The National Film Board of Canada is bringing together a slate of six virtual reality and immersive media productions for Toronto’s POP 03 installation, running August 19-21 at the TIFF Bell Lightbox. The pop-up exhibition showcases new approaches to storytelling, and is presented by the Toronto International Film Festival in collaboration with NFB.
The selection includes five VR experiences as well as a groundbreaking “film-generating installation.”
Way to Go from AATOAA studio’s Vincent Morisset, Philippe Lambert, Édouard Lanctôt-Benoit and Caroline Robert is an immersive journey through the woods that combines hand-made animation, 360-degree video capture and music. Produced by Hugues Sweeney for NFB’s French-language Interactive Studio in Montreal and by Boris Razon for France Televisions, Way to Go is the winner of three Webby Awards and marks Morisset’s second collaboration with the NFB, following his 2011 interactive animated film BLA BLA.
Munro Ferguson’s VR animated film Minotaur takes a journey through seven stages: birth, childhood, mission, labyrinth, monster, battle and death/rebirth. Through abstract moving images, Minotaur conveys corresponding emotional states: calm, love, joy, surprise, fear, anger/hate, and death/rebirth, leading again to calm. Canadian composer Kid Koala’s score accentuates the hero’s quest for redemption. Winner of a Genie Award for his 3D animated short Falling in Love Again, Ferguson is a leader in developing new creative applications for IMAX’s Sandde hand-drawn stereoscopic animation system. The VR producer of Minotaur is Jelena Popovic, with Michael Fukushima as executive producer for the NFB’s Animation Studio.

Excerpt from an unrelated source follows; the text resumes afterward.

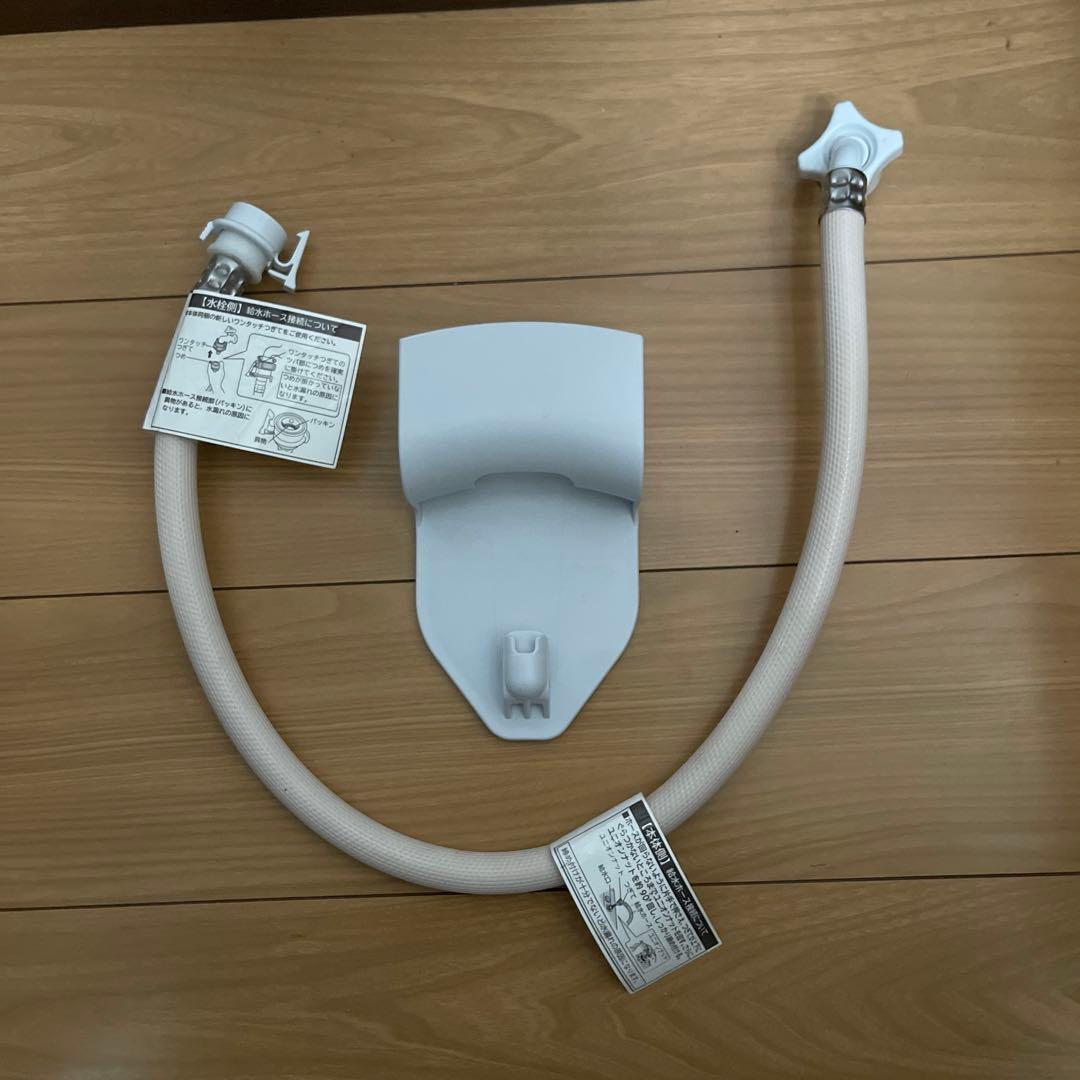 【即購入可】2020年最上位機種 日立ドラム式洗濯乾燥機 BD-NX120FL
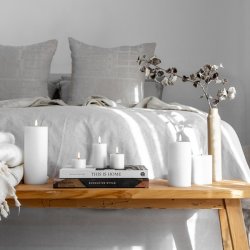 Uyuni rillet hvidt sjlelys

Also on tap are Loïc Suty’s The Unknown Photographer — a surreal documentary/dreamscape experience exploring the work of a forgotten WWI photographer (Turbulent/NFB); the Beta for Vincent McCurley’s immersive VR experiment Cardboard Crash (NFB Digital Studio); and the 360 VR documentary Cut-Off, which places viewers in the middle of Prime Minister Justin Trudeau’s historic visit to First Nation site Shoal Lake 40 (VICE/Occupied VR/NFB/Canadian Film Centre). Forging new ground in interactive storytelling is Guy Maddin, Evan Johnson and Galen Johnson’s Seances, which allows viewers to “conjure” their own films by selecting text fragments on a 55-inch touch-screen, summoning a collaged story of dynamically reassembled lost films.